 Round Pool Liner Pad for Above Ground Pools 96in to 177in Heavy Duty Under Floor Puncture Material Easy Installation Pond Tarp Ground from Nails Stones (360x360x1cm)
****
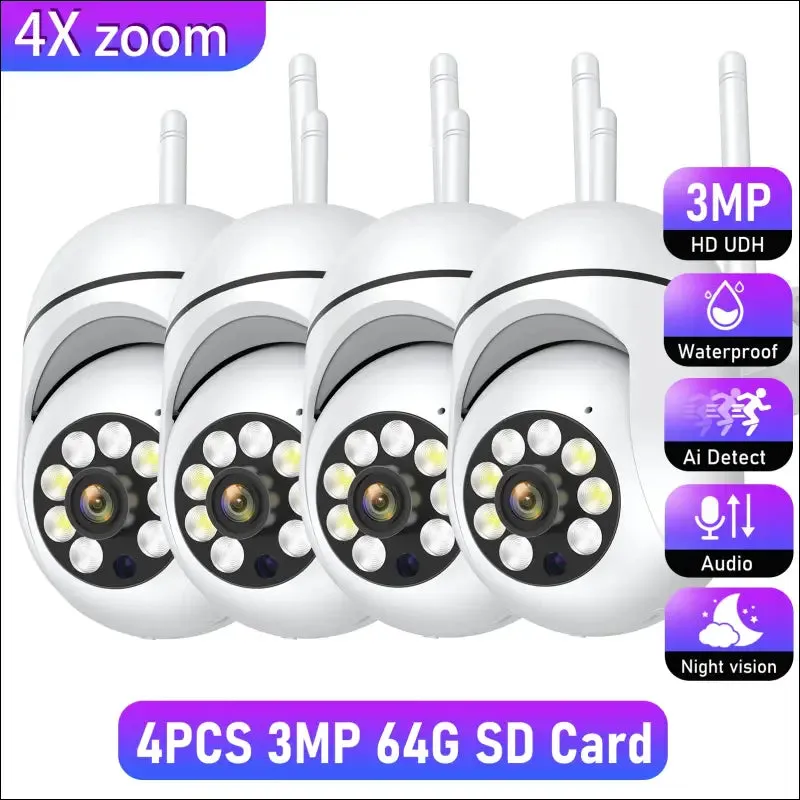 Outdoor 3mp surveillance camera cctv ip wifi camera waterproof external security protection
****
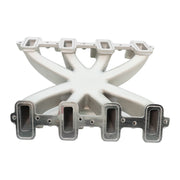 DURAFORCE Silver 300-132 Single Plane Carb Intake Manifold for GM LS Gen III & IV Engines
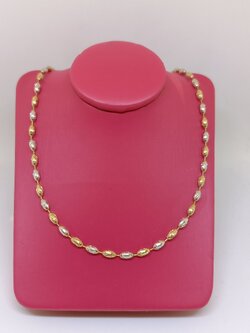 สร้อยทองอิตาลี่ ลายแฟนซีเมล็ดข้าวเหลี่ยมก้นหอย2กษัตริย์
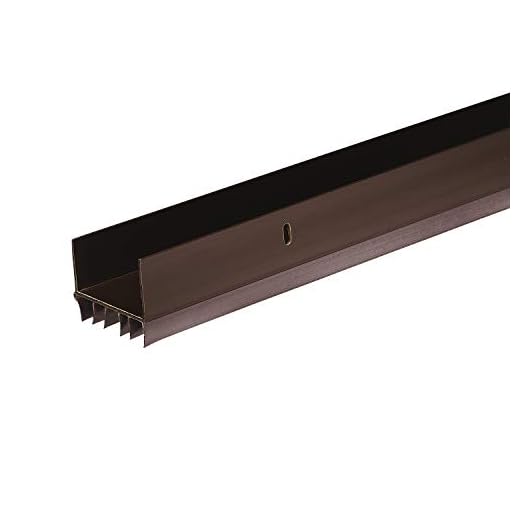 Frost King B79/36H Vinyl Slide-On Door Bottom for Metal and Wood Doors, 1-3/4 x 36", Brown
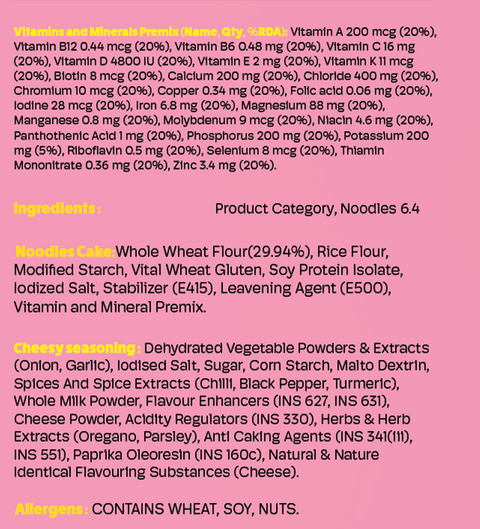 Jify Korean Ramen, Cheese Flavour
****
**About this exercise:** Output exactly those lines of the data above that run from the line with "Frost King B79/36H" up to and including the line with "Jify Korean Ramen, Cheese Flavour". No pictures go in.

**Exercise result:**
 Frost King B79/36H Vinyl Slide-On Door Bottom for Metal and Wood Doors, 1-3/4 x 36", Brown
 Jify Korean Ramen, Cheese Flavour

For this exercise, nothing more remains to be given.